Secondo la gastronomia moderna ne esistono tre tipologie: al forno, come i calzoni o le empanadas; fritte in un grasso vegetale o animale come la pizza fritta (trovate uno speciale nel mensile di dicembre) o i panzerotti; infine lessate, come le decine di varianti di pasta ripiena che conosciamo in Italia.
Il Rinascimento e le sue specialità
Nel Rinascimento questi piccoli pasticci ripieni si moltiplicano in diverse forme e tipologie. Prendendo in considerazione solo le specialità destinate a essere fritte o cotte al forno, il ferrarese Cristoforo Messisbugo nel 1549 ne enumera diverse ben distinte tra loro: tortelli, cascosse, casatelle, ofelle, stellette, pastatelle e fiadoncelli.
Nel corso dei secoli queste ricette sono scomparse o molto mutate, come ad esempio i fiadoncelli, gli antichi progenitori degli attuali fiadoni abruzzesi. A differenza di quelli attuali, a base di formaggio, in quelli antichi predominava un gusto dolce e speziato, grazie all’uva passa, allo zucchero e alla cannella che venivano mescolati alla carne e agli altri ingredienti.

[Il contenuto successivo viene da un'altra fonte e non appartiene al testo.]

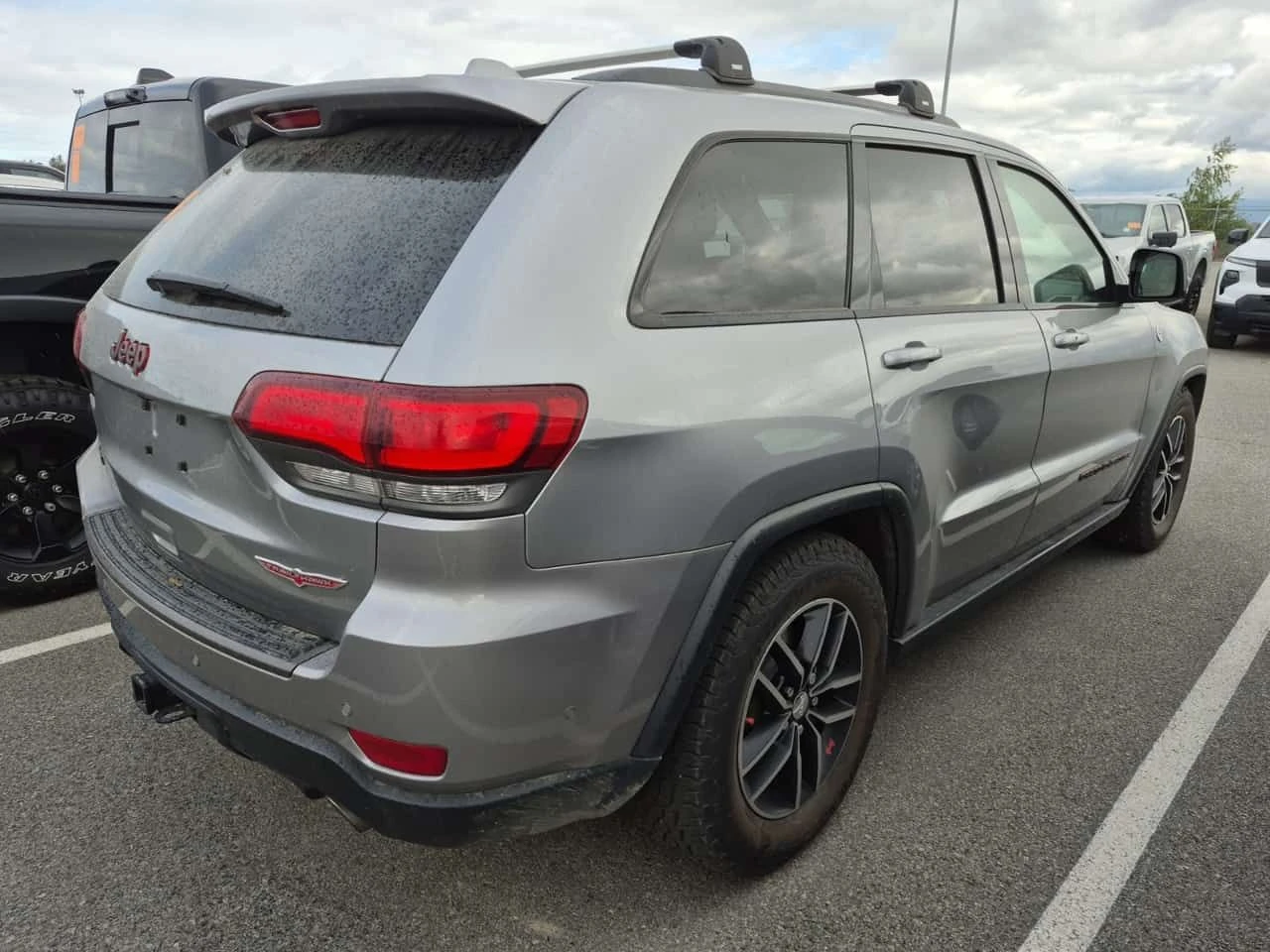 Jeep Grand cherokee TRAILHAWK/ДИСТРОНИК/ОБДУХ/ПАНО/ФИНАНСИРАНЕ , снимка 3 - Автомобили и джипове - 54593673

Nel frattempo in Inghilterra c’erano i risshens
Circa un secolo prima del trattato del Messisbugo, in Inghilterra si è già affermata un’altra specialità destinata ad avere grande successo. Si tratta dei risshens, piccoli pasticci di carne fritti descritti in un manoscritto di metà Quattrocento (Sloane ms. 1986) attualmente conservato nella British Library. Nonostante il testo originale sia in rima e di non immediata comprensione, si potrebbe tradurre così: “Prendi la carne di maiale macinata e soffritta, aggiungi pepe e uova sbattute, metti il lievito (dentro la pasta), sarà leggera come una bolla, avvolgi (la carne) in un rotolo (di pasta) come un piccolo pesce, friggilo e adagialo nel piatto”.
E in Francia le rissolle
La stessa specialità gastronomica la incontriamo un paio di secoli più tardi in Francia con il nome di rissolle. Questi piccoli ravioli fritti di pasta brisée farciti con carne tritata (o pesce per i giorni di magro) saranno destinati a diventare molto famosi anche in Italia, grazie al successo della cucina d’Oltralpe. La ricetta appare nel 1651 all’interno del “Le cuisinier François” di Francois Pierre de La Varenne, il primo autore a dare alle stampe un libro di cucina francese dopo oltre un secolo di silenzio.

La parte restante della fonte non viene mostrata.